Mi sento stranamente a disagio, tanto che mi ritrovo a balbettare un po’ mentre mi scuso con lui. Abbassa gli occhi: scommetto che è sicuro sia colpa sua se ci siamo scontrati in quel modo.
 
Decido di staccare il cervello e fare come al solito: certo, appartiene ad una categoria che evito come la peste, ma ormai sono in gioco e quel ragazzo beh.. devo ammetterlo: non se ne vedono tutti i giorni di bellezze così pulite e innocenti.
 
Gli dico il mio nome, e lo invito a prendere un caffè.
Prima che possa fermarlo mi dice come si chiama: Kurt.
Non voglio saperlo. Non voglio dare un nome ai ragazzi con cui vado a letto: in un certo senso sarebbe come se mi rimanessero addosso, e io non li voglio ricordare.
 
Ma ormai è troppo tardi, e Kurt mi ha già detto di chiamarsi Kurt.

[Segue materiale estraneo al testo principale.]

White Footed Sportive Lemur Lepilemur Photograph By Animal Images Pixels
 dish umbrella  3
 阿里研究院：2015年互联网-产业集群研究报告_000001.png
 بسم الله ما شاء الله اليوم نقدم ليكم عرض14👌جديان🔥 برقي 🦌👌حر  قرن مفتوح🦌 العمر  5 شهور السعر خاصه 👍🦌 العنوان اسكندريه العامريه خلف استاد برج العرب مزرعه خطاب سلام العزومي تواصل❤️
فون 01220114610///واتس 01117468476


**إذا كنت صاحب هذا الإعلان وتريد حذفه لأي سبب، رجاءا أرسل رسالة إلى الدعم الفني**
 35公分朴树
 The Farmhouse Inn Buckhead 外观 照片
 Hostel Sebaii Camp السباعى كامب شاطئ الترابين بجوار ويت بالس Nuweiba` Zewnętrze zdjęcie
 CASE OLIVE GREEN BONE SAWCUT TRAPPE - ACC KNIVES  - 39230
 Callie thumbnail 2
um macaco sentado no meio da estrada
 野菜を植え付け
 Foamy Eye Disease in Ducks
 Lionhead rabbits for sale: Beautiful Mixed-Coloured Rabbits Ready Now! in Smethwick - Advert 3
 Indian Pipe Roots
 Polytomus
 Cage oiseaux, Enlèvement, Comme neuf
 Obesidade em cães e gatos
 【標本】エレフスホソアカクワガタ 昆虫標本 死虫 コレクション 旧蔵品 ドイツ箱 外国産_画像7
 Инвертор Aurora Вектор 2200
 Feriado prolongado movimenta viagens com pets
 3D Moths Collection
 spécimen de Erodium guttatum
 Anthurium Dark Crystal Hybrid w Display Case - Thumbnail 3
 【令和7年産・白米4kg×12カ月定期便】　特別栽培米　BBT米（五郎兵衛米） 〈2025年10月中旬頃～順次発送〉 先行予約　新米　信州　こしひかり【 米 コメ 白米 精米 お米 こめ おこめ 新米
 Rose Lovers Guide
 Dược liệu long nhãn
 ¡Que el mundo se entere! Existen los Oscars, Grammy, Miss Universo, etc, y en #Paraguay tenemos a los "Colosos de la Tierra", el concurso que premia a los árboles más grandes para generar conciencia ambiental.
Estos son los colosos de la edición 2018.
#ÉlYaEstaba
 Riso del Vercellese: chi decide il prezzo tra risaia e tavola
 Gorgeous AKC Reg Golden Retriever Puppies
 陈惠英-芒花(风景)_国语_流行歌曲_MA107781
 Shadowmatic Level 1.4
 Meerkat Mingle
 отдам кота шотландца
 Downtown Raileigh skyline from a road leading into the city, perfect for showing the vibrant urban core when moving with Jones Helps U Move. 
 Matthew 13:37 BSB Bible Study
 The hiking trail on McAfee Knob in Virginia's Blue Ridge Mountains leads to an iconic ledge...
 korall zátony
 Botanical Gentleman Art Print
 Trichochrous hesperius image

Passa un po’ di tempo e mi chiedo come reagirebbe questo ragazzo dai lineamenti così sottili e dagli occhi così chiari da riflettere la luce del sole, se gli proponessi quello che di solito propongo agli altri.
Mi piego su di lui per sussurrargli all’orecchio.
 
Qualche ora più tardi sono a casa sua, con lui che mi dorme a fianco.
Nella penombra della stanza vedo una foto incorniciata: un ragazzo e una ragazza che si abbracciano, lui esageratamente alto, lei piuttosto carina.
Kurt deve conoscere queste persone, forse sono suoi amici, magari parenti.
Un attimo, perché me lo chiedo? Cosa me ne importa in fondo? Non ci tornerò più in quella stanza, né rivedrò Kurt – perché accidenti mi ha detto il suo nome – ?!
Lo guardo mentre si accoccola sul mio petto.
 
Non posso negarlo: è stato fantastico. Dannatamente diverso da tutte le altre volte, completamente diverso perché di solito mi sento uno schifo quando è tutto finito, e mi fa schifo anche il tizio con cui sono andato.
Invece questa volta non riesco a detestare il ragazzo steso su di me.
Sospiro profondamente, poi accade qualcosa che non doveva succedere.
 
“Blaine..” Mormora Kurt, stringendomi ancora di più.
 
Oh no.
Lo sapevo, conosco i tipi come lui: ora crederà che non fosse solo sesso, vorrà rivedermi, vorrà vivere con me, sposarmi, comprare un cane..
Me lo stacco di dosso ed esco da quella stanza, rivestendomi mentre corro giù per le scale.
 
Che idiota che sono. Lo sapevo: non ci s’immischia con tipi come Kurt.
Oddio – Kurt – come faccio a dimenticarmi quel maledettissimo nome?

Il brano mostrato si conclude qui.